Thanks! Actually, you can see the edges a bit, but I' sure after a couple of clear coats (and a bit of sanding if needed), they'll barely be noticeable. Definitively the way to go. I don't mind having to do that, it's a good tradeoff to having aligned holes!

Also, another "trick" I picked up was holding the decal on the baseplate (printed side facing it) while having it sit in the water, it greatly helped me as it countered the curling of the decal.

I actually learned about the compound fixing the finish on my MIJ foto-flame Strat, which is prone to cracks, and it works pretty well after wet sanding.


----------



## dlazzarini (Jun 22, 2020)

What I do that gets rid of all my bubbles is prepare the powder coat finish. I take the surface down level with 1500 grit then 2000 grit. Decals go on great. Now here’s the potential problem. The corners. Extreme care must be taken around the corners because the powder coat is always thinner there. I screwed up a couple finding out how far I could go.and getting a feel for it. The genuine Hammond boxes are way better than the knock-offs. I usually don’t have any trouble with those. The knock-offs usually have a pretty thin lousy powder coat and it’s a lot easier to blow through to metal on the corners. Getting the surface flat is key though. I’ve thought about laying downs a few heavy coats of clear coat first on the cheapies and then leveling but I haven’t got around to trying it yet. Good luck


----------



## MaxDB54 (Jul 10, 2020)

Can anyone tell me where they purchased their water slide decal paper? Do you just buy a rattle can of spray lacquer to finish?
Is there a template to design the decal or is it trial and error?
Thx!


----------



## SYLV9ST9R (Jul 10, 2020)

MaxDB54 said:


> Can anyone tell me where they purchased their water slide decal paper? Do you just buy a rattle can of spray lacquer to finish?
> Is there a template to design the decal or is it trial and error?
> Thx!


For the decal paper, I just took something that was fairly priced on amazon. Just important to select the right one (inkjet or laser / white or transparent).
For the lacquer, I use Duplicolor acrylic laquer, and it works pretty well. It's my first time doing waterslide decals, and they are not all perfect, but with the lacquer, they look pretty good.
For the design, I import the drilling template from the build instructions in Illustrator, and work from that. I think you can use Inkscape in the same way.
Hope this helps!


----------



## Gordo (Jul 10, 2020)

I like the Smallbear stuff the best but they're all slightly different and take a bit of practice to get the "feel" for it.  I've been using some from an eBay seller lately that loosens from the backing almost immediately so took me a while to grok that.

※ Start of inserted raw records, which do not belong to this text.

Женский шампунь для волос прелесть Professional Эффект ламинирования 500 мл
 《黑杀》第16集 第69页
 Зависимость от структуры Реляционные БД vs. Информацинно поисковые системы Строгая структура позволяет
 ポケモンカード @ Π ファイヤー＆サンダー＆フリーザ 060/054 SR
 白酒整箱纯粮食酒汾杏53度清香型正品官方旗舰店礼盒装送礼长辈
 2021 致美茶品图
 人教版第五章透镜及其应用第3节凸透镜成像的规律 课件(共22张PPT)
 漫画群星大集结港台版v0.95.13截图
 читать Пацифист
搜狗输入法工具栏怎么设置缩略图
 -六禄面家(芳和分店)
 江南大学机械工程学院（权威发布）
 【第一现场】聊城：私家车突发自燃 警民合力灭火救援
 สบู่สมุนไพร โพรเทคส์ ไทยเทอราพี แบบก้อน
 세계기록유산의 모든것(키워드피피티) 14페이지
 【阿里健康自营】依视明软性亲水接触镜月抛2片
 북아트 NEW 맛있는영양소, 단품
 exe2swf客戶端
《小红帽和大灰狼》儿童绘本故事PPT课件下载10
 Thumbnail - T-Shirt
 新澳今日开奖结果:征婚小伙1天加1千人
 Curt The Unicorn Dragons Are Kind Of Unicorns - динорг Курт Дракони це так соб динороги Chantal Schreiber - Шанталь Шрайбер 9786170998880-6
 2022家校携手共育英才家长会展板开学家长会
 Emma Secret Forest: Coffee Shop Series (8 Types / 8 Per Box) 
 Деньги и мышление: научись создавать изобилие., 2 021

The best lacquer I've used is the StewMac stuff but it's pricey.  Most of the time I just use whatever I can find from Home Depot.

I've recently converted to Affinity Photo for my graphics software and it's killer.  A bit of a learning curve if you're not used to working with layers but it's ability to pull in individual sheets from a PDF is a cool trick.  So if the box layout is, say, page 6 of the build doc: open the PDF in Affinity, specify Page 6, import at 300dpi to keep the edges sharp, and then save it as the Affinity file format.  Make sure you print at 100% and you don't have to worry about getting the size right.

From there just add text, frames, artwork, or whatever strikes your fancy.  You can set opacity (transparency) on a per layer basis so lining up text with the holes is a breeze.  When you print to the decal, turn off the background layer you used to line everything up, turn opacity back to 100% (unless you're using it as an effect) and let rip thru the printer.


----------



## Nostradoomus (Jul 10, 2020)

GIMP is the same for importing single PDF pages, that’s what I use. (But usually 600ppi  )


----------



## SYLV9ST9R (Jul 10, 2020)

Gordo said:


> I like the Smallbear stuff the best but they're all slightly different and take a bit of practice to get the "feel" for it.  I've been using some from an eBay seller lately that loosens from the backing almost immediately so took me a while to grok that.
> 
> The best lacquer I've used is the StewMac stuff but it's pricey.  Most of the time I just use whatever I can find from Home Depot.
> 
> ...


How are the SmallBear sheets different to use?
I just received one in an order and any hindsight would be greatly appreciated!


----------



## Gordo (Jul 11, 2020)

They need to be soaked longer, but the stock is a bit thicker/sturdier. They hold the toner better and are less prone to flaking. And finally they have a protective onion skin layer over the top that has to be removed before use. The easiest way to remove it is to catch the edge with a piece of tape.


----------



## MaxDB54 (Jul 11, 2020)

Good info guys! Great website...Thx!


----------